The following are steps for breathing with the diaphragm:
- Exhale everything out.
- Inhale into the bottom tips of the lungs as your belly rounds, side waist expands, and lower back broadens.
- Continue inhaling into the mid-lungs so the rib cage expands to the sides, forward, and back.
- Exhale and gently squeeze the low belly towards the spine to complete the exhale breath.
- For even more support in calming the nervous system, lengthen the exhale breath so that it’s a couple of counts longer than the inhale breath.
This is my personal, go-to posture when I’m stressed, anxious, can’t sleep, or want to get my body into the right gear for digestion. It somewhat contains the ribcage and simultaneously forces the body to use the diaphragm to draw-in air (diaphragmatic breath). This position also easily allows for application of slight pressure on the upper abdomen, below the sternum and above the navel, an option that helps stoke the digestive fire and directs energy to the stomach.
- Lay down on your front side, with your legs straight, hip width or wider.
- Stack your hands and point your elbows out to the sides. Rest your forehead on your hands.
- If you experience discomfort in your low back, place a folded blanket underneath your belly.
- Breathe for a couple minutes or more.
This is similar to down dog, only your hands are on the wall. It’s a great position to take as a mid-day stretch for the body and to nudge the nervous system back into gear when there’s distraction or stress.
- Place your hands about shoulder width or wider in front of you flat on a wall.
- Walk your feet back, reach your hips back and lower your torso towards the ground. You may adjust the height and width of the hands as needed.

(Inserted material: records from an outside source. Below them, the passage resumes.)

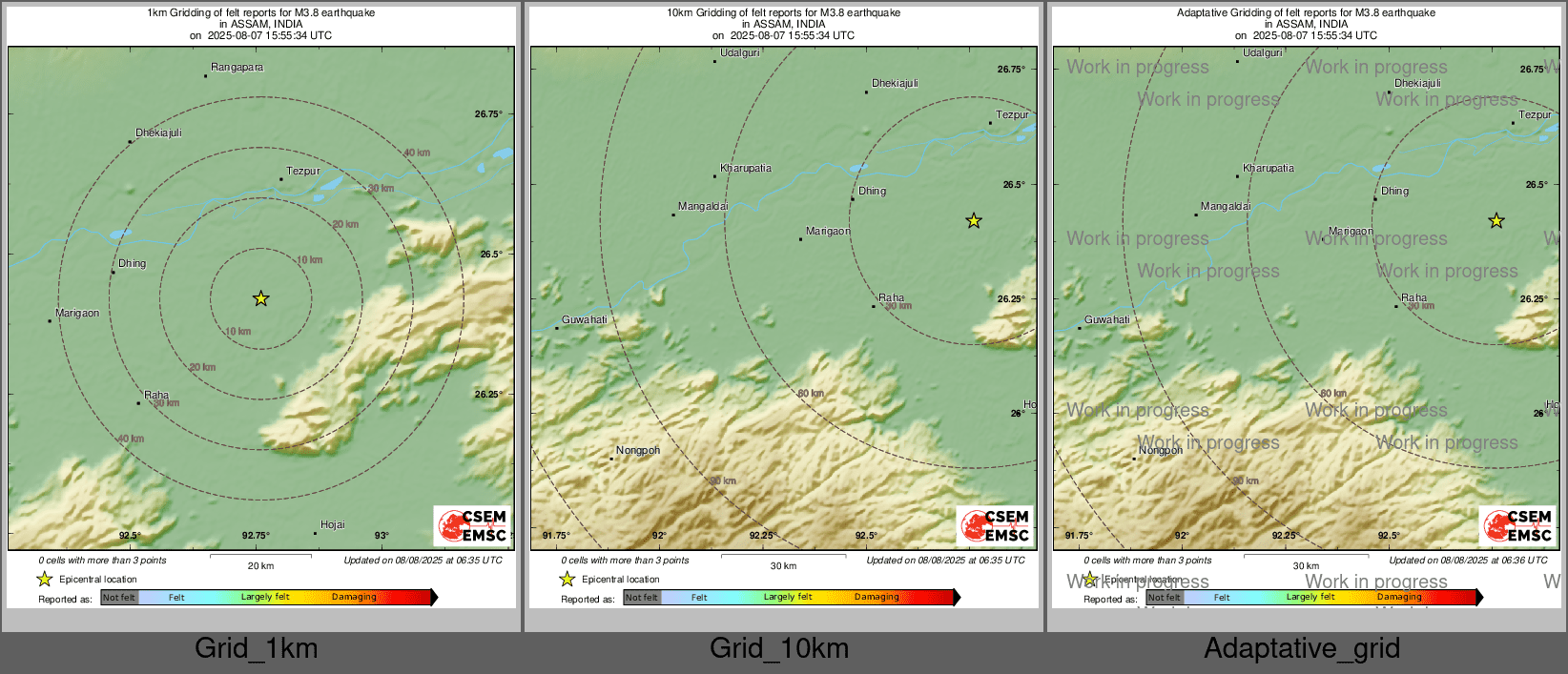 Intensity Map cluster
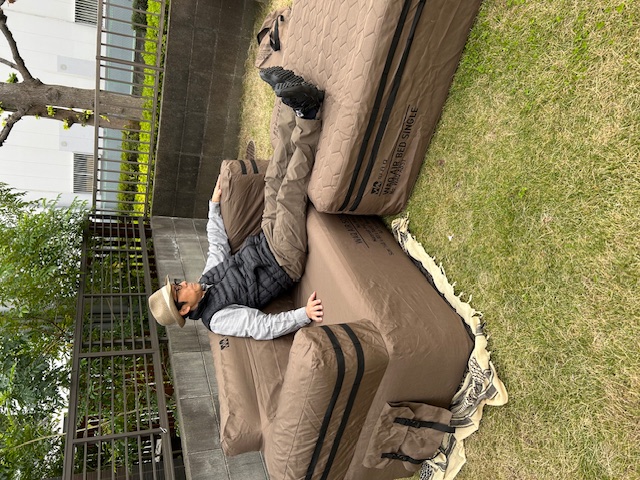 WAQ【🆕AIR SOFA Double】3分待つだけで… サイトがリビングに🫢ご自宅にも^_^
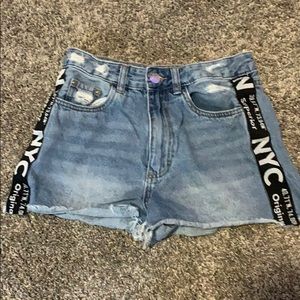 NYC Superior High Rise Jean Shorts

- Soften the knees and draw your low belly towards your back so you aren’t swaying in the back.
- Reach the crown of your head towards the wall, and reach back through your tail. If the neck is sore, let your head hang wherever gravity takes it.
- Take 5 breaths or more.
This is a quick and easy pose to take at the office– you can even get your office mates to join in! It’s a great pose for those who spend a lot of time at a desk, driving, or walking, and, like all the postures listed here, it relaxes the nervous system and cultivates concentration, patience, and ease.
- Stand in front of a chair (one w/o wheels, or positioned next to a wall or desk so it can’t move.)
- Soften your knees and place your hands on either side of the seat of the chair.
- Walk your feet back, reach your hips back, and lower your torso towards the floor.
- Keep the knees soft and draw your low belly towards your back so you aren’t swaying in the back.
- Continue to reach your hips back so you’re not pressing much weight into your hands.
- Take 5 breaths or more.
YOU ARE WHAT YOU EAT
We’ve all heard the saying “you are what you eat,” but I would take this idea a step further and say: We are more than what we eat, we are what we absorb! Okay … we’re actually so much more than that, but let’s be real people: We all spend a lot of money and time on obtaining, preparing, and eating food. Let’s do our best to help our bodies find the peace needed to digest and absorb all of the goodies from the food on our plates, so we can continue to build healthy, resilient bodies and minds, for ourselves, and our communities.